Date of Award

Spring 1996

Document Type

Thesis

Degree Name

Master of Arts (MA)

Department

English

Program/Concentration

English

Committee Director

Jeffrey H. Richards

Committee Member

Michael Pearson

Committee Member

Jean Halladay

Call Number for Print

Special Collections; LD4331.E64 M327

Abstract

Montana writers create surrogate worlds where their characters escape the oppressiveness of the real world. The vast and varied landscape of Montana is more than a setting for many of these authors. It becomes symbolic of a national mind set that the open land will offer redemption or inner peace. Therefore, many characters become one with their natural environment. However, the writers destroy their alternative worlds by introducing emotion or real world problems into it.

Four Montana writers will be examined in detail. In Chapter II, I discuss Myron Brinig's Wide Open Town and his use of surrogate worlds. Brinig creates thresholds to the other realm but cannot allow his characters to cross over because his naturalistic beliefs prevent it. In Chapter III, I examine A. B. Guthrie's The Big Sky. Guthrie shows what life is like inside the surrogate world by immersing one character, Boone Caudill, into the other realm. However, the author destroys Boone's world by introducing emotion that the main character cannot control. In Chapter N, I examine Norman Maclean's A River Runs Through It. Like Brinig, and Guthrie, Maclean creates a surrogate world so that his characters can escape and find moments of perfection. However, they cannot sustain the perfection because of the pull of the real world. These three authors' characters find temporary redemption, salvation, and moments of perfection in the surrogate world.
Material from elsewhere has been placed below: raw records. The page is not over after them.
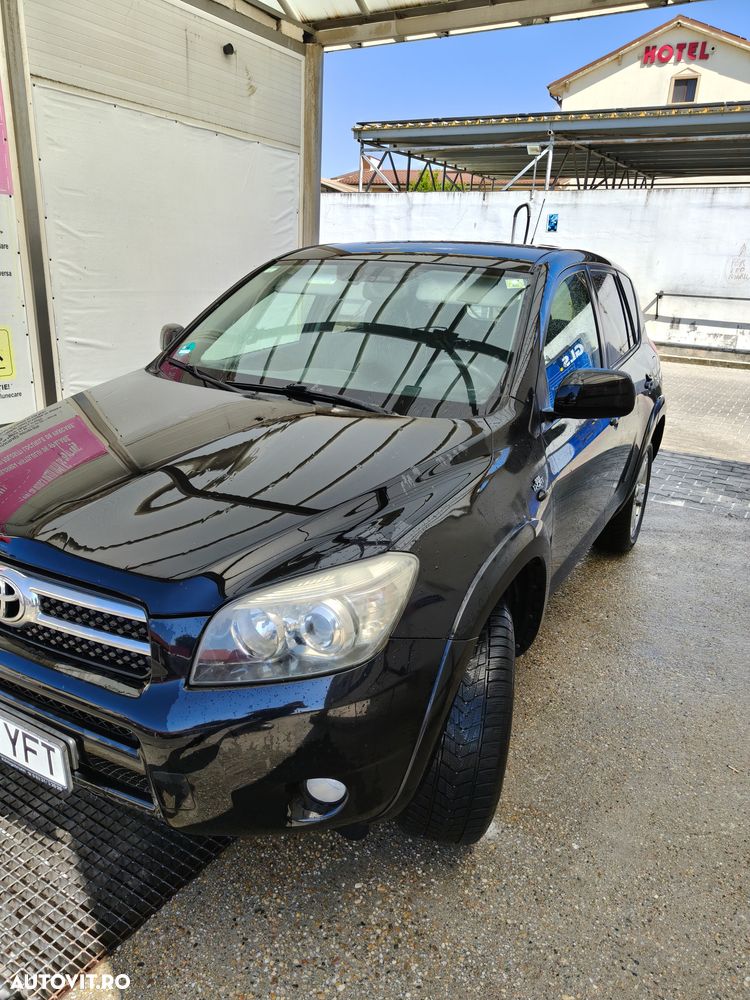 Toyota RAV4 - 7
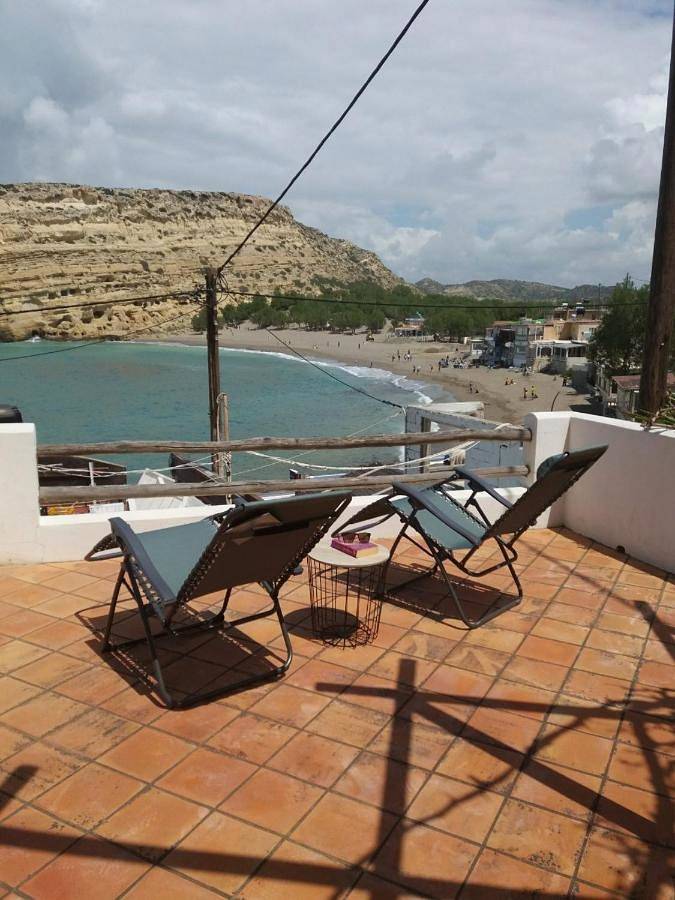 Gîte pour 6 personnes, avec vue et balcon, adapté aux familles dans Matala - 4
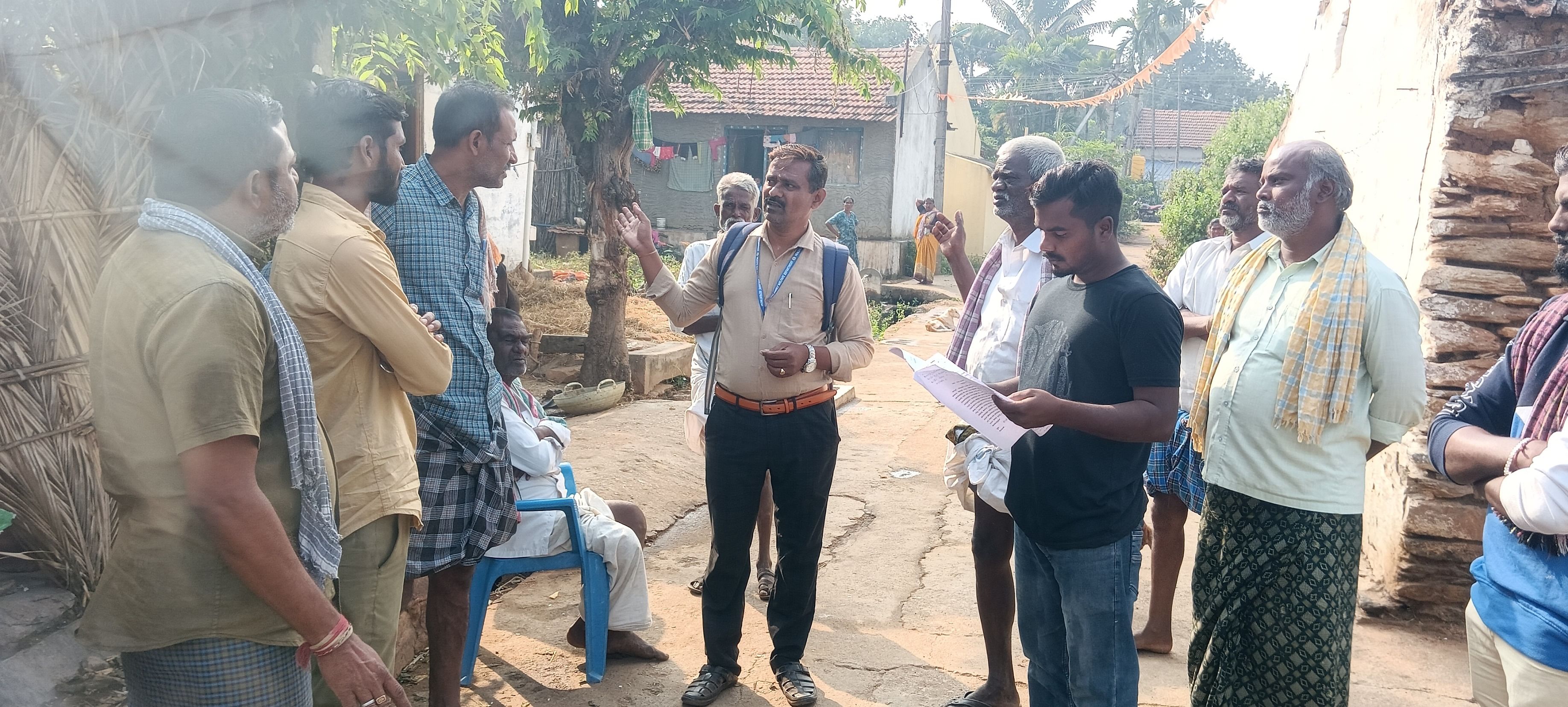 ಕಡರನಾಯ್ಕನಹಳ್ಳಿ ಸಮೀಪದ ಹಿಂಡಸಘಟ್ಟ ಗ್ರಾಮದ ಪರಿಶಿಷ್ಟರ ಕೇರಿಗಳ ನೀರು ಚರಂಡಿ ಅವ್ಯವಸ್ಥೆ ಬಗ್ಗೆ ಆರೋಗ್ಯ ಇಲಾಖೆ ಮತ್ತು ಸ್ಥಳೀಯ ಗ್ರಾಮ ಪಂಚಾಯಿತಿ ಸದಸ್ಯರು, ಗ್ರಾಮಸ್ಥರು ಪರಿಶೀಲಿಸಿದರು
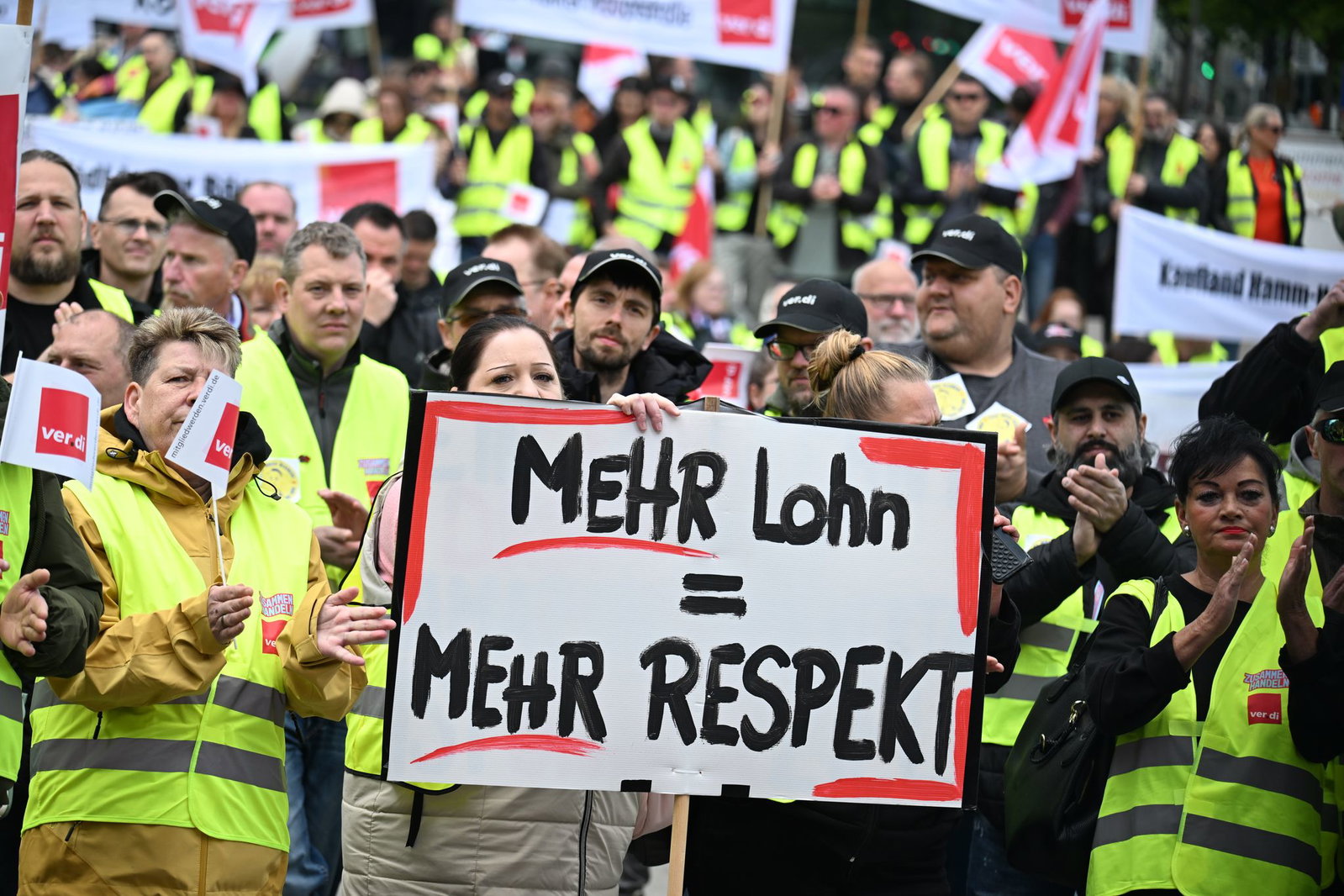 Beschäftige im Einzelhandel demonstrieren in mehreren deutschen Städten. (Archivbild) 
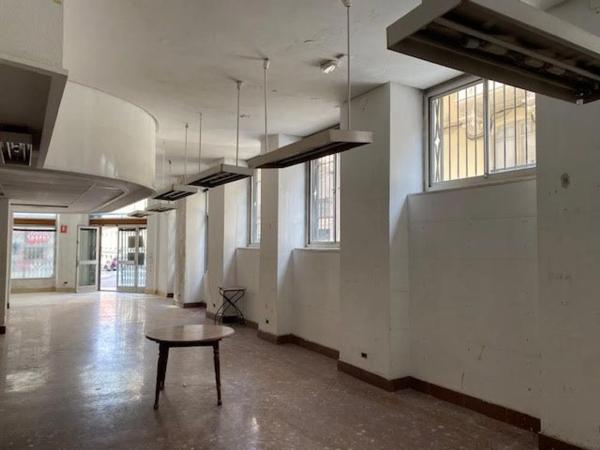 Local en avenida País Valencià, 39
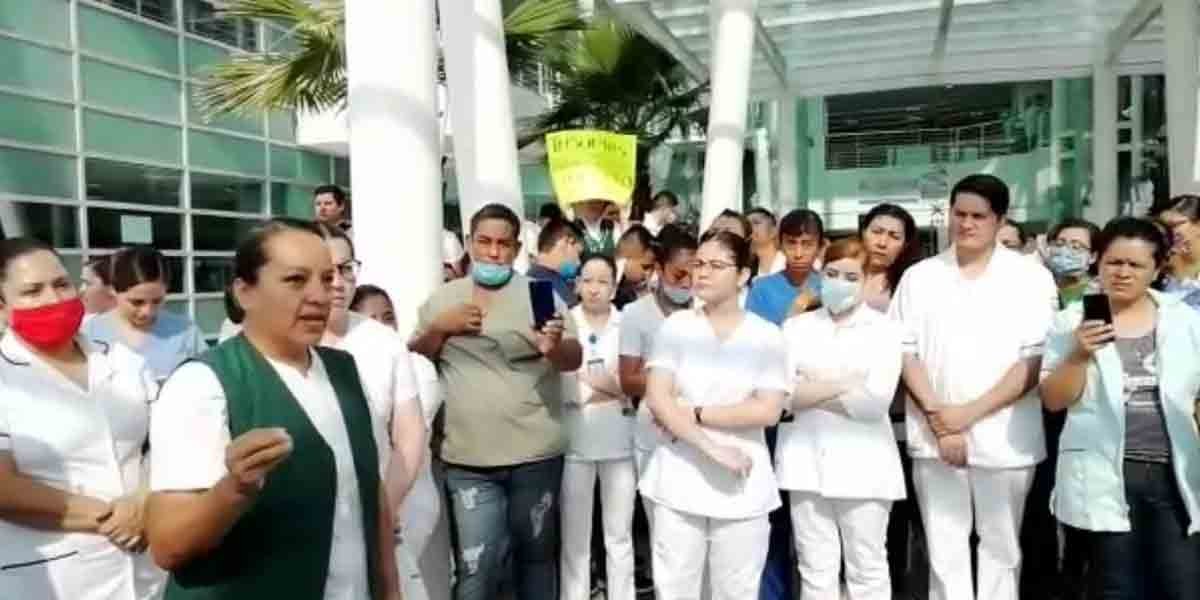 Médicos y enfermeras del IMSS exigen insumos para enfrentar la COVID-19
The conclusion addresses the future of surrogate worlds in Montana literature. As the landscape vanishes in the state so to does the prevalence of alternative worlds in the fiction. Montana becomes more like the rest of the country, and so does its fiction. Writers like Larry Watson, Richard Ford, and Toni Volk use surrogate worlds but not for much more than a literary device that exposes the characters' limitations in real life. An author who shows the future of surrogate worlds, James Crumley, offers the notion that the landscape, thus the surrogate world, is no longer enough. From the landscape, one can obtain no salvation or perfection.